• _WORK ORDER_:
Give the data again exactly as written, without any of its pictures.

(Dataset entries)

────────────────

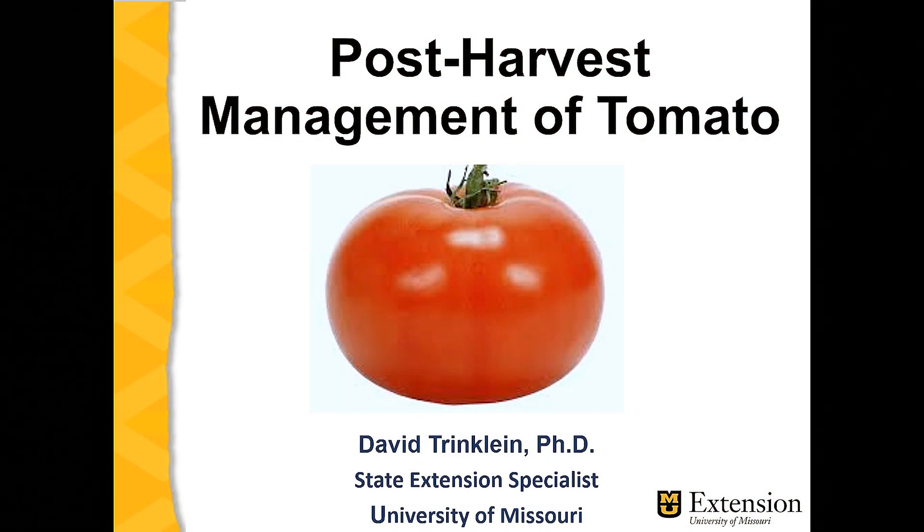Hi, my name is David Trinkline, adjunct associate professor and state extension specialist at the University of Missouri.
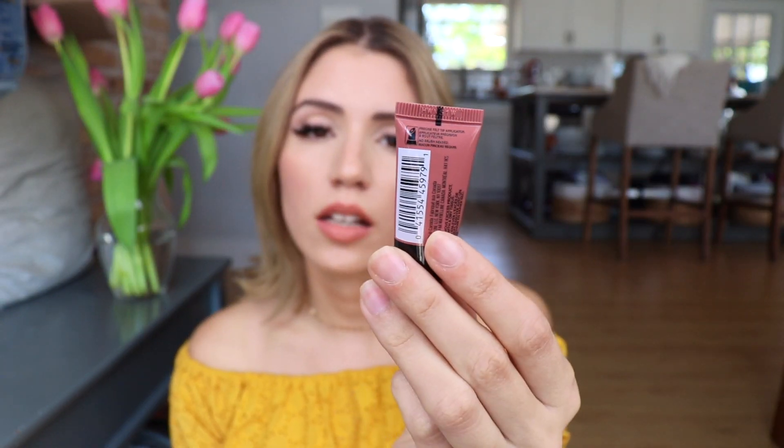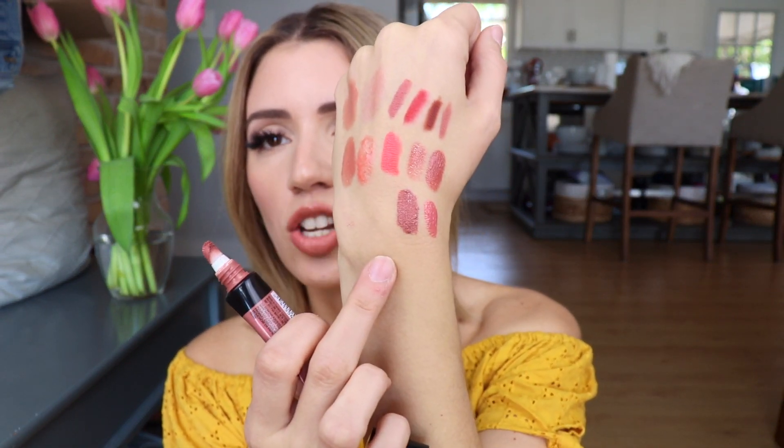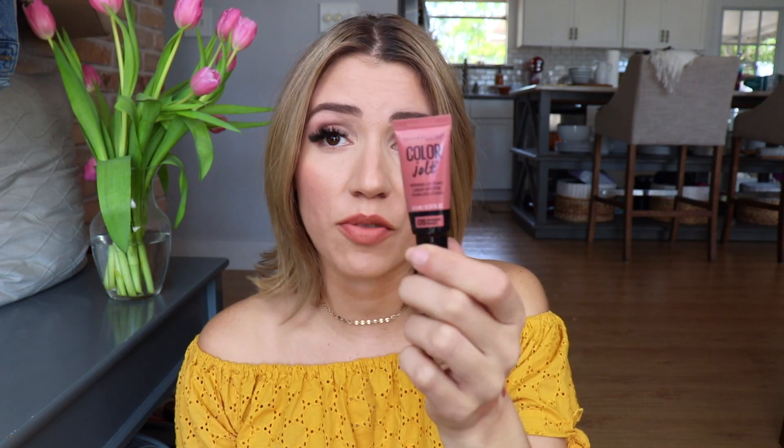The last lip gloss is a drugstore one by Maybelline — this is the Color Jolt in the shade Stripped Down. My only gripe is that they don't have many shades. But these are just so easy to use, they smell like candy or something fruity, and they're so comfortable on the lips — they feel like a higher-end lip product. And these are like six or seven bucks. It has a little bit of a purpley undertone but not much. It gives you that glossy lip look. I love this stuff and I just hope they come out with more colors.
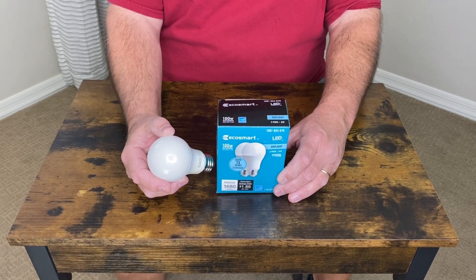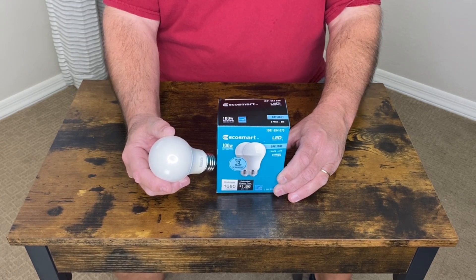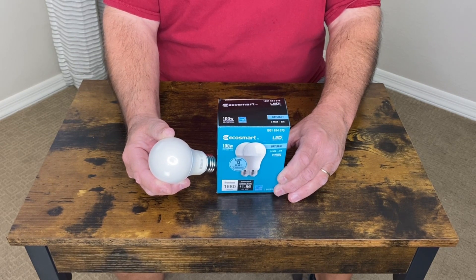Let's take a closer look at this light bulb from EcoSmart. It is an LED light bulb — a daylight level bulb. Two of them come in a pack. This basically replaced a 100 watt incandescent bulb that we've used in the past.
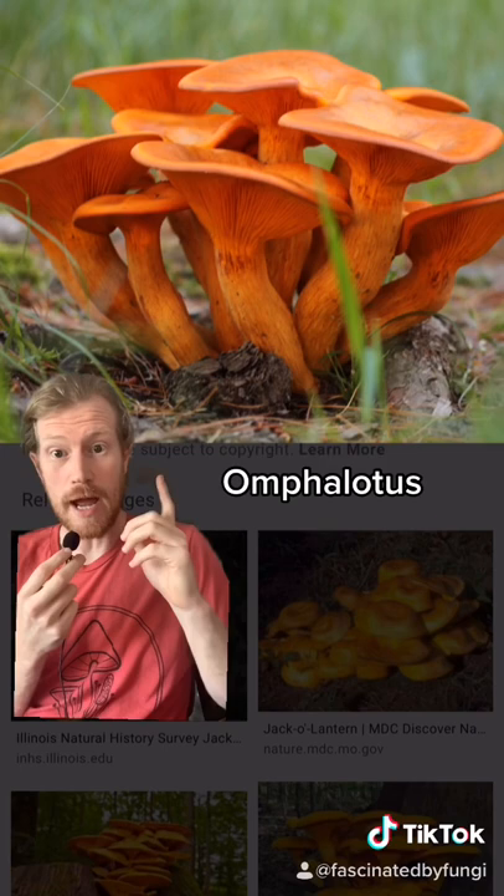These are jack-o'-lantern mushrooms, or omphalotus species. They can sometimes be confused for chanterelles. They are toxic, but not deadly.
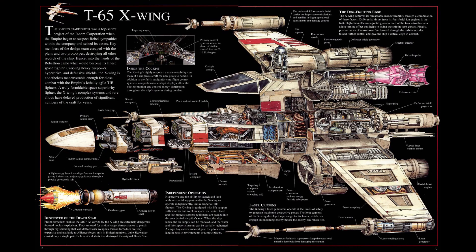Powered by four in-house 4L-4 fusial thrust engines, the X-Wing could achieve a flat-out speed of 100 MGLT units per second in space, or 1,050 km per hour in atmosphere. Maximum acceleration was rated at 3,700 Gs, which for a craft weighing 10 tons is impressive.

────────────────

• _FINAL ANSWER_:
Hi, my name is David Trinkline, adjunct associate professor and state extension specialist at the University of Missouri.
The last lip gloss is a drugstore one by Maybelline — this is the Color Jolt in the shade Stripped Down. My only gripe is that they don't have many shades. But these are just so easy to use, they smell like candy or something fruity, and they're so comfortable on the lips — they feel like a higher-end lip product. And these are like six or seven bucks. It has a little bit of a purpley undertone but not much. It gives you that glossy lip look. I love this stuff and I just hope they come out with more colors.
Let's take a closer look at this light bulb from EcoSmart. It is an LED light bulb — a daylight level bulb. Two of them come in a pack. This basically replaced a 100 watt incandescent bulb that we've used in the past.
These are jack-o'-lantern mushrooms, or omphalotus species. They can sometimes be confused for chanterelles. They are toxic, but not deadly.
Powered by four in-house 4L-4 fusial thrust engines, the X-Wing could achieve a flat-out speed of 100 MGLT units per second in space, or 1,050 km per hour in atmosphere. Maximum acceleration was rated at 3,700 Gs, which for a craft weighing 10 tons is impressive.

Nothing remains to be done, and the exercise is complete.